While down in Melbourne, pre-COVID, I got a chance to first see Saint Maud at Fantastic Fest Australia. Keep an eye on Rose Glass. It makes me excited when a director’s debut feature film is this good. Vibes from The Exorcist, The Omen, and drama-rich classic horrors, it has the poise and pace to keep you rapt without reducing to cheap scare tactics. While the ‘horror’ is more slow-burning trepidation, the drama and story just sucks you in and doesn’t let go until the end credits. Will definitely leave you short of breath. It’s amazing.
What I find so gripping about good journalism docos is that they always start at someone pulling a thread – but it’s not so often that thread ends up toppling senior political figures at a national level. Collective is about the power of the truth coming out. What starts as reporting on a deadly nightclub fire leads to revealing widespread corruption in the health system. No surprises that it has been Oscar-nominated. You will be enthralled.
A THOUSAND CUTS
In case it wasn’t clear with Collective, I REALLY love a good journo doco.

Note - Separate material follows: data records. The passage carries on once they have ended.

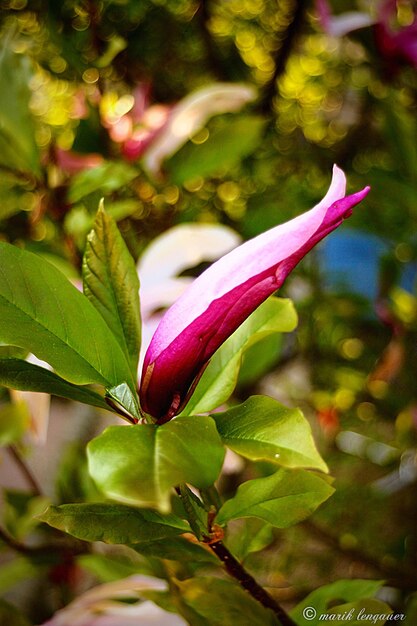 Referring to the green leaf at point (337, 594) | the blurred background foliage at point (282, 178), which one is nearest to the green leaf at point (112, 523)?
the green leaf at point (337, 594)

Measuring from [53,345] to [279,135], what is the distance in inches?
30.6

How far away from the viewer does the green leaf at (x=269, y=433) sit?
26cm

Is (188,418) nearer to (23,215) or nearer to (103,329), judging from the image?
(103,329)

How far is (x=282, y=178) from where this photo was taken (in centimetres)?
96

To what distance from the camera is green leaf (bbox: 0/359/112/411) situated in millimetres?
277

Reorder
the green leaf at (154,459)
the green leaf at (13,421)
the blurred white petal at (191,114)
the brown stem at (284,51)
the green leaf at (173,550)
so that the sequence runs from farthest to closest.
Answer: the brown stem at (284,51) < the blurred white petal at (191,114) < the green leaf at (13,421) < the green leaf at (173,550) < the green leaf at (154,459)

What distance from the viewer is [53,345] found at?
279mm

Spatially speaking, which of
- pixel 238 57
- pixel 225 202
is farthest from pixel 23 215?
pixel 238 57

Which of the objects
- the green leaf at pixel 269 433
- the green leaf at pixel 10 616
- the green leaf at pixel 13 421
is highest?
the green leaf at pixel 269 433

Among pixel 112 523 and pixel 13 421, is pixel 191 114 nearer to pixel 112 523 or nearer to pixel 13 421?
pixel 13 421

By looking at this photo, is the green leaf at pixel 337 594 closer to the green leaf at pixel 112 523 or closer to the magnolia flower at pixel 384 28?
the green leaf at pixel 112 523

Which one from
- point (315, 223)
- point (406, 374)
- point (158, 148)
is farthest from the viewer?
point (406, 374)

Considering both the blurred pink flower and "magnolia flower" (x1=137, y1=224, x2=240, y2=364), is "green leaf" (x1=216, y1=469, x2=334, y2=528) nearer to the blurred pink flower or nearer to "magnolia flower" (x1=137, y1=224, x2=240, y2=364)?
"magnolia flower" (x1=137, y1=224, x2=240, y2=364)

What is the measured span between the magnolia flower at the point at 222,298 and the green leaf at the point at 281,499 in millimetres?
65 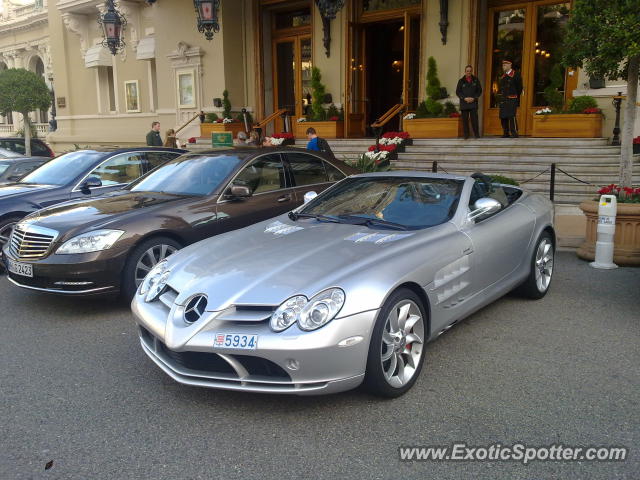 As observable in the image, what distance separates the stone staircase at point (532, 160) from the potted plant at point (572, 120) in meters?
0.38

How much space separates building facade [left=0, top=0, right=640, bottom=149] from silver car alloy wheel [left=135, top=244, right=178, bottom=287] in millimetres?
10826

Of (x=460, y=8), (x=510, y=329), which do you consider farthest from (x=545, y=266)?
(x=460, y=8)

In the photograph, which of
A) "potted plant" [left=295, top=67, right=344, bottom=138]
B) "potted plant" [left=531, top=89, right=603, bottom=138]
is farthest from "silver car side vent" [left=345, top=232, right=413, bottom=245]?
"potted plant" [left=295, top=67, right=344, bottom=138]

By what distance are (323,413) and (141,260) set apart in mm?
2857

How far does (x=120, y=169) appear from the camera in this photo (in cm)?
804

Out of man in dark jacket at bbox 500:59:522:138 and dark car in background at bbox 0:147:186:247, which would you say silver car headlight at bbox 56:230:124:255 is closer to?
dark car in background at bbox 0:147:186:247

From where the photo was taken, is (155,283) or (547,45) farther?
(547,45)

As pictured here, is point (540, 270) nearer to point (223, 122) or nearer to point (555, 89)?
point (555, 89)

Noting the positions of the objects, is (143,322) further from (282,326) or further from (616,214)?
(616,214)

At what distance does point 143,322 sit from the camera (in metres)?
3.84

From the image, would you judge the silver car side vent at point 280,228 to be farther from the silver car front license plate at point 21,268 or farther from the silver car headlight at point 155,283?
the silver car front license plate at point 21,268

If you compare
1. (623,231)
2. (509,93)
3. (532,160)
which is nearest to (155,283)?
(623,231)

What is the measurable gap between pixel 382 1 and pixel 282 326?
15454mm

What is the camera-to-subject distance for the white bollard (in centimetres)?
705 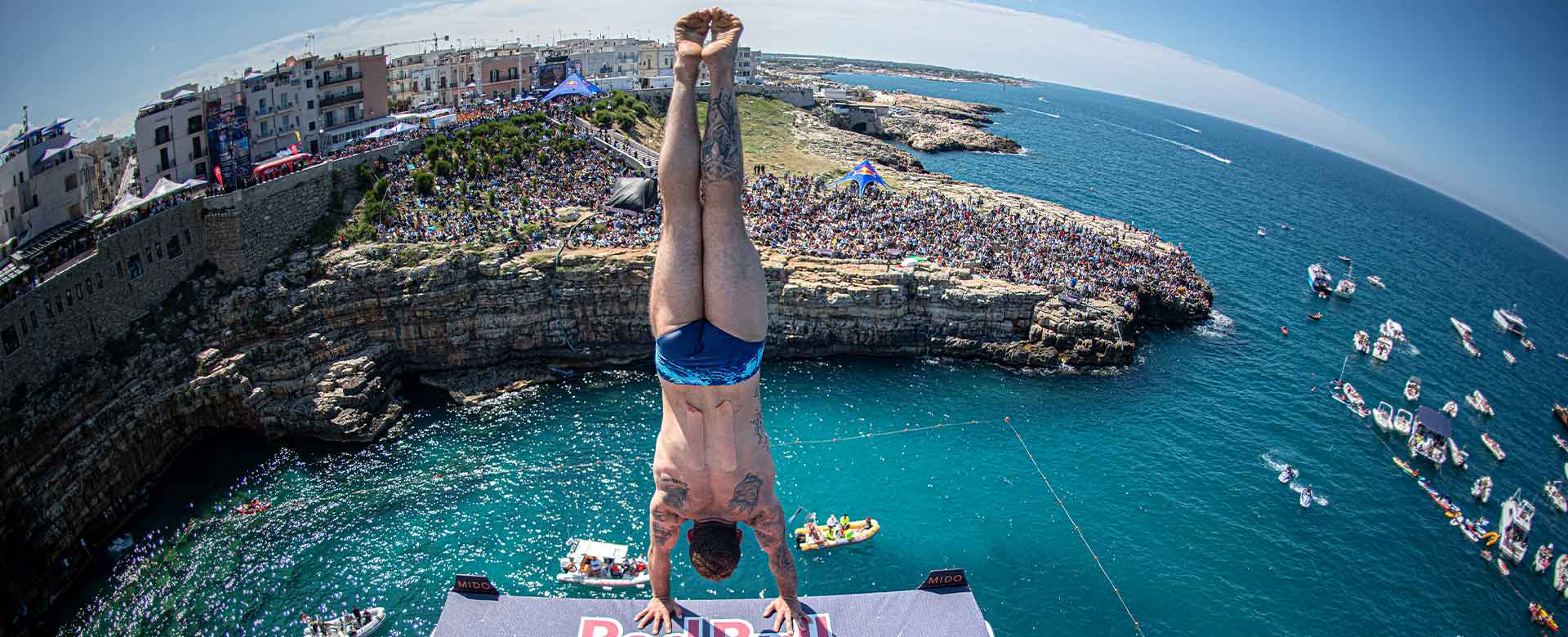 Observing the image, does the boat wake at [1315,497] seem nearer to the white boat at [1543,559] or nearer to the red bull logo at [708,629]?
the white boat at [1543,559]

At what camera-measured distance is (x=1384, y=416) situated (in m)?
51.7

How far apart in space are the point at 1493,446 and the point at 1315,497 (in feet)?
66.5

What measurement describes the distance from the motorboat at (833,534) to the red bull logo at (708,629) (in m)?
12.1

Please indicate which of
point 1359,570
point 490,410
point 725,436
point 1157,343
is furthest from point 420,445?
point 1157,343

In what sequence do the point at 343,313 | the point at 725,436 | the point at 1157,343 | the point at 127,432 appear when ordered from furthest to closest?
the point at 1157,343 < the point at 343,313 < the point at 127,432 < the point at 725,436

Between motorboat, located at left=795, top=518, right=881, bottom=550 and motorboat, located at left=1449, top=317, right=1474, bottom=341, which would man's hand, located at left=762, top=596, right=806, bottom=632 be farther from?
motorboat, located at left=1449, top=317, right=1474, bottom=341

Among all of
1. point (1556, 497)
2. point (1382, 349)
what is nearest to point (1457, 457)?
point (1556, 497)

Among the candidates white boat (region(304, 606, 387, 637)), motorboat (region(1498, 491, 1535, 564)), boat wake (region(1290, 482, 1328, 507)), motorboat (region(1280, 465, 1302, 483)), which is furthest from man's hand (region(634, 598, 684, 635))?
motorboat (region(1498, 491, 1535, 564))

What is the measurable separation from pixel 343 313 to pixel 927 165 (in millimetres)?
96960

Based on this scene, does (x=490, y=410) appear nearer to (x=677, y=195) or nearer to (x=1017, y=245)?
(x=677, y=195)

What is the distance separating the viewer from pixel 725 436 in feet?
53.6

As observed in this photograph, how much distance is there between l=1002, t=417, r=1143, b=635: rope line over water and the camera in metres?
31.6

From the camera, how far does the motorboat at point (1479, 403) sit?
56.8 m

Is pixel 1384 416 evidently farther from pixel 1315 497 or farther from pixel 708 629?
pixel 708 629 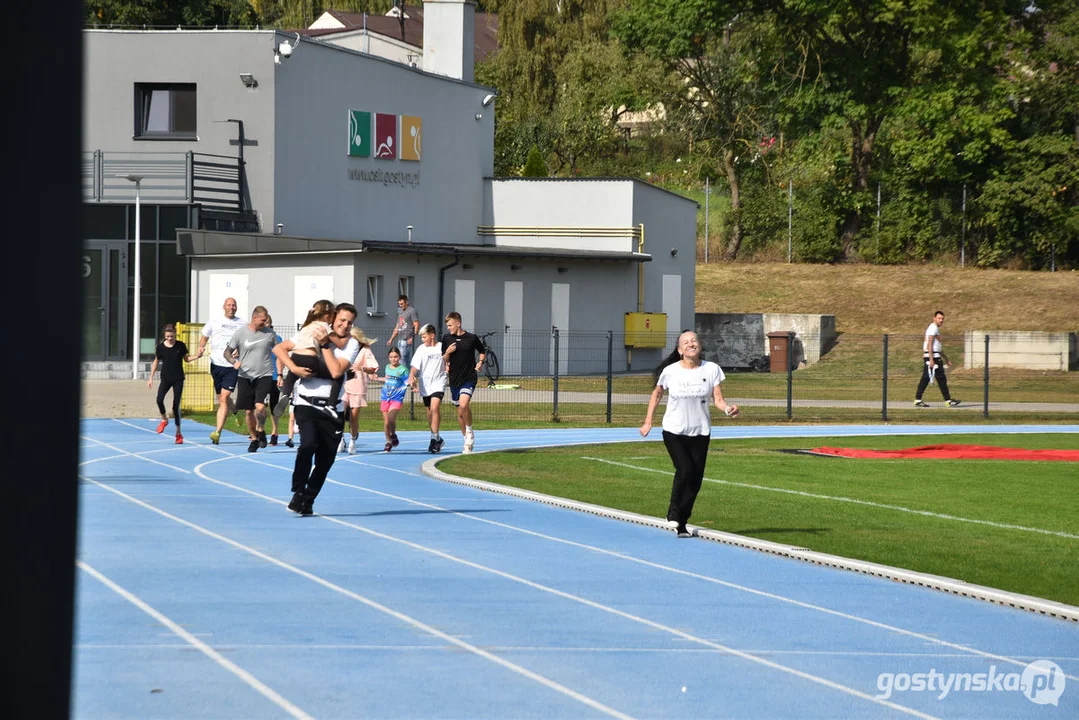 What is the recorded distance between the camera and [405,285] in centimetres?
3666

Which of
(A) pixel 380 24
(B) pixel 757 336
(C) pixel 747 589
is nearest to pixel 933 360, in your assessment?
(B) pixel 757 336

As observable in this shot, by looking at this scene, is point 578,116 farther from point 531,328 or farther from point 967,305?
point 531,328

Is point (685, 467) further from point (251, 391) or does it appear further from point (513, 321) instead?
point (513, 321)

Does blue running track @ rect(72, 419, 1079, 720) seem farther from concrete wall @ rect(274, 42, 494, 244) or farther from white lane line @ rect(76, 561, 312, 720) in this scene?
concrete wall @ rect(274, 42, 494, 244)

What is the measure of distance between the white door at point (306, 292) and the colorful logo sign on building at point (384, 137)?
6.72 m

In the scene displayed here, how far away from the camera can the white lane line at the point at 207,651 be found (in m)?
6.29

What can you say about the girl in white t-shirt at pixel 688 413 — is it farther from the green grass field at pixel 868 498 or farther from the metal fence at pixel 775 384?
the metal fence at pixel 775 384

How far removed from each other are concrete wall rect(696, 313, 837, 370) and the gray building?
6.74 feet

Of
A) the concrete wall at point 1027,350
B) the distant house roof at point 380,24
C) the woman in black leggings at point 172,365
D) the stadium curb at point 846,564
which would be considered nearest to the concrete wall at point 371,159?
the concrete wall at point 1027,350

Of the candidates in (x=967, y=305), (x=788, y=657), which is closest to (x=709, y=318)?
(x=967, y=305)

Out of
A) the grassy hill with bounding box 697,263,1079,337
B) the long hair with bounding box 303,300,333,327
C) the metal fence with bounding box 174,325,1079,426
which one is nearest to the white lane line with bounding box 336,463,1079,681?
the long hair with bounding box 303,300,333,327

Maria Ressa, one of the Philippines most respected political reporters, has been targeted by the Duterte government, as Ressa uncovers the details behind the bloody, widespread government crackdown in their drug war. A Thousand Cuts is about fighting for truth – and in a world of misinformation and fake news, we need incredible stories like this. Australian Premiere at SWIFF too.
THE PAINTED BIRD
There are films that are entertaining, and then there are films that are just important to see. This is the latter. Absolutely harrowing – it is films like The Painted Bird that make the festival experience memorable. When we talk about stepping outside your comfort zone, this is what we mean – and SWIFF audiences will be the first in Australia to see it.
THE PAINTER AND THE THIEF
As an arts lover, it was very easy to get wrapped up in this soulful doco. If we talk about art and its power to connect, The Painter & The Thief shows us it also has the power to redeem. It’s an incredible story. How can you not fall in love with the idea of an artist convincing the man that stole her artwork to sit down as her next portraiture subject? It’s a beautiful human story, and watching their relationship develop is a joy.
CLOSING NIGHT: MOGUL MOWGLI + AFTERPARTY
Dan Gibson’s Nightcrawler is still up there with one of my favourite films – so seeing Riz Ahmed go from strength to strength to strength has been a joy. Now Oscar-nominated for Best Actor for Sound Of Metal, we selected Mogul Mowgli as our Closing Night Gala film because it’s a very personal story for Riz. The cultural contribution of first and second generation immigrants can get sidelined, despite making all our lives culturally richer, so we want to celebrate that contribution through this film. Booking Coco Varma, who has played over 500 shows in Europe as our afterparty live music set was a big win too – and he’s bringing Bobby Singh and Ben Walsh, each as accomplished in their own right, with him. It’s going to be a great send off to this year’s festival. Can’t wait.